Por supuesto, en nuestro tiempo, la retórica de la “transición energética” está dirigida a reemplazar un suministro ahora sobreabundante de esos hidrocarburos, específicamente al servicio de la reducción de las emisiones de dióxido de carbono. Este último es el último “mayor desafío” al que se enfrenta la humanidad. Mientras tanto, después de casi medio siglo de políticas de transición y un gasto público masivo desde el discurso de MEOW, la realidad actual es que el petróleo, el gas y el carbón suministran hoy el 82% de la energía mundial.

Para poner esa realidad en un contexto más reciente, desde el año 2 hemos visto más de 5 billones de dólares de gasto global en energía eólica y solar y esfuerzos similares para evitar los hidrocarburos. Eso redujo la participación de los hidrocarburos en la energía mundial, pero solo en dos puntos porcentuales. Y la cantidad, no la cuota, de hidrocarburos consumidos a nivel mundial ha aumentado en una cantidad equivalente, en términos de energía, a la suma de seis de la producción de petróleo de Arabia Saudita. Esas dos décadas de gasto han llevado a que la energía solar y eólica sumergidas suministren algo menos del 4% de la energía mundial. Para contextualizar: la quema de madera sigue suministrando el 10%.

Pero los partidarios de la transición energética afirman ahora que esta vez es diferente. Hay diferencias. La población mundial es mucho más grande, en la que miles de millones de personas más aspiran ahora a los estilos de vida de incluso los menos afortunados del rico Occidente. Afortunadamente, debido a que los costos de las tecnologías eólica, solar y de baterías son mucho más bajos que hace dos décadas, esas fuentes ahora pueden complementar de manera más significativa a los hidrocarburos. Sin embargo, una realidad fundamental se encuentra en la naturaleza y la ubicación de las industrias críticas que hacen posible las fuentes de energía complementarias.
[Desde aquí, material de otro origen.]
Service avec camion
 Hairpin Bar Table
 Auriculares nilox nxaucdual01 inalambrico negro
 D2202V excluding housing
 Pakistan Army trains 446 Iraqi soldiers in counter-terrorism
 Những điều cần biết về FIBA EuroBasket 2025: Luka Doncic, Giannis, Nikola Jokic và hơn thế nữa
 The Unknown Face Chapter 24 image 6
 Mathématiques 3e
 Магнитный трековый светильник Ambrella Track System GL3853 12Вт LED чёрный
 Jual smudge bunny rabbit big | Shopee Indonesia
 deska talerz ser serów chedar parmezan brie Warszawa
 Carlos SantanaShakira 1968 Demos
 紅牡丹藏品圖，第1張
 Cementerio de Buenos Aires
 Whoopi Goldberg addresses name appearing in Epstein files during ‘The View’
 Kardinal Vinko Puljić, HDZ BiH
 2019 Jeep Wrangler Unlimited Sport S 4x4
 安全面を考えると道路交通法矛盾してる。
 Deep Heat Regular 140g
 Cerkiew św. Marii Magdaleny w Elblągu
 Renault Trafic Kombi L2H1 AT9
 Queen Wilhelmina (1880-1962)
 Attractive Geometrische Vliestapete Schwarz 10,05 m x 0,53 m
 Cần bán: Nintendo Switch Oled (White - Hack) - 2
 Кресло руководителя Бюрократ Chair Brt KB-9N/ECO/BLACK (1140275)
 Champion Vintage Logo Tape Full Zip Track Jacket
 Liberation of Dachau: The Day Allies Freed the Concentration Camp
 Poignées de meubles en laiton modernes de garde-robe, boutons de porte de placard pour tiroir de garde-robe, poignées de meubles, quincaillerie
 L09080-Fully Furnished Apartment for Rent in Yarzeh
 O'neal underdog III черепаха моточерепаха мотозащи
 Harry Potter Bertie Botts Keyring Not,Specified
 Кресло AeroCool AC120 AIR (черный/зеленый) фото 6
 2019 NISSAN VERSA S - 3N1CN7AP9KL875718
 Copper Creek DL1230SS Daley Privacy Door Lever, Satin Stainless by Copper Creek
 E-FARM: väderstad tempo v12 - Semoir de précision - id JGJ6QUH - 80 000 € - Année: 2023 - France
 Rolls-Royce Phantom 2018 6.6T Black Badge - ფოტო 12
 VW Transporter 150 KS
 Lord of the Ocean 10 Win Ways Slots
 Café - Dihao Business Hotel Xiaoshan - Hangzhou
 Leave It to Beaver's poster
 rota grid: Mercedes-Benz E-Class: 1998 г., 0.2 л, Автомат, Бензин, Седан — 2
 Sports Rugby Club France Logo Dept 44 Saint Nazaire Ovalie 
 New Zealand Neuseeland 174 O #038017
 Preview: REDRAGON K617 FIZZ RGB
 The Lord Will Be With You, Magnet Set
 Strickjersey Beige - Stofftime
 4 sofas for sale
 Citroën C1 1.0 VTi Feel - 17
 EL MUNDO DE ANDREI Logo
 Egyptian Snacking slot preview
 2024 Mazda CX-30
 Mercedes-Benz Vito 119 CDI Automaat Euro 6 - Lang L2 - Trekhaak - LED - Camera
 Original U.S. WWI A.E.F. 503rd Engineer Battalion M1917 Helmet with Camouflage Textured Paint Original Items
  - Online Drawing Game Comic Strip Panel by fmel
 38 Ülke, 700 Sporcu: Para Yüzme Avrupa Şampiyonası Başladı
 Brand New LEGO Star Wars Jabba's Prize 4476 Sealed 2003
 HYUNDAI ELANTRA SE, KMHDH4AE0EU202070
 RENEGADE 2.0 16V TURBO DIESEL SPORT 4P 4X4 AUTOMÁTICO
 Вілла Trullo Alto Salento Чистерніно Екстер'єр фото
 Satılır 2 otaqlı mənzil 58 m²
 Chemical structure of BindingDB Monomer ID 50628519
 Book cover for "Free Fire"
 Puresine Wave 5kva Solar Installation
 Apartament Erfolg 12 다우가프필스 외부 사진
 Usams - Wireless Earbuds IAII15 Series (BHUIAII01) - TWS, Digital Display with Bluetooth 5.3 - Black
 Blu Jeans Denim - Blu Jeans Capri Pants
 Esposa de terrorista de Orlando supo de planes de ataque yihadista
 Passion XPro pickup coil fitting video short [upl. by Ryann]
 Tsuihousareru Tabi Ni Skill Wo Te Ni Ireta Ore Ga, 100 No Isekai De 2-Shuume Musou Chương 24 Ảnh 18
Debido a la inevitable física subyacente, la fabricación de hardware eólico, solar y de baterías implica un aumento radical en el uso de una variedad de minerales, desde cobre y níquel hasta aluminio y grafito, y tierras raras como el neodimio. Los aumentos oscilan entre un 700% y un 4.000% más de minerales por unidad de producción de energía. Si bien esta realidad todavía sorprende a muchos, para los entendidos, ya no es noticia que el gasto y los mandatos dirigidos a la energía eólica, solar y vehículos eléctricos requerirán un aumento asombroso y sin precedentes en la producción de las industrias de la vieja escuela de minería y refinación de minerales. Pero esa realidad también es recibida con una retórica hueca. Los transicionistas afirman que los subsidios y los mandatos estimularán el mercado para satisfacer el volumen y la velocidad sin precedentes de esos aumentos de la demanda. Como ha señalado la AIE, la transición requerirá cientos de miles de millones de dólares invertidos en cientos de nuevas minas masivas, en algún lugar.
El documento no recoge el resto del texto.